10.30am: Science lesson: read 500 words about the International Space Centre.

11.30am: Humanities lesson: read 800 words about ancient Mesopotamia.

1.30pm: French lesson: read 500 words in English, translated into French.

2.30pm: Silent reading in form time.

Pupils in our reading club would read for half an hour after school with me.

All pupils read at home for 30 minutes each night.

Assuming that pupils read about 1000 words in morning tutor time, another 2000 in afternoon tutor time, and around 2000 in the evening at home, I would estimate that our pupils are reading around 8000 words a day. The weakest readers- those with the lowest reading ages, and who attend reading club- would read closer to 10,000 per day.

This amount of reading practice is essential for improving reading ability and motivation. I can already see the difference in the weakest readers. Kids regularly grab me at lunch and tell me about the book they are reading- something that I could only have dreamed of in my last school. There is a buzz about reading at Michaela. The library is always packed with kids after school, and many of them regularly ask their teachers for book recommendations.

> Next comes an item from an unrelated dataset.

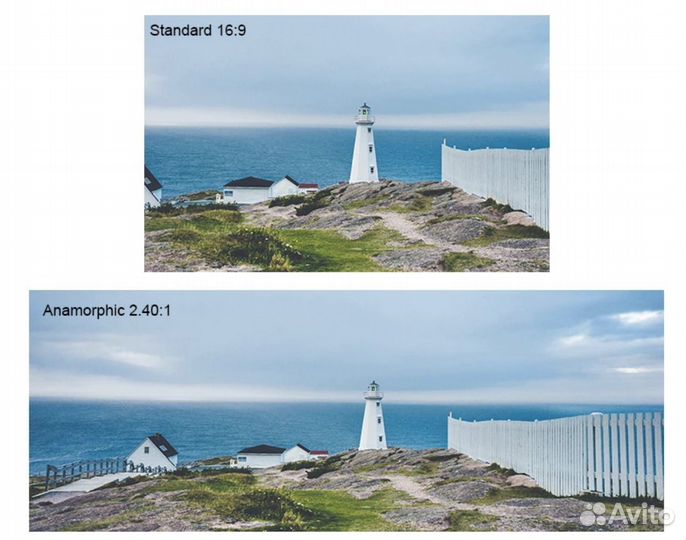 Анаморфный объектив apexel HD 1,33x + 2 фильтра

Some of our teachers read books aloud to the pupils during tutor time. These books aren’t on the curriculum, but are read purely for a lovely afternoon treat. Olivia Dyer, our wonderful Head of Science, has her form in stitches reading Adrian Mole, which was the talk of the school for a long time: “PLEEEEEEASE can we read Adrian Mole like Miss Dyer’s class, Miss!?” was a common refrain. Jonny Porter, our tremendous Head of Humanities, reads Gombrich’s ‘A Little History of the World’ to his form, which is also a lovely treat for them in the afternoon.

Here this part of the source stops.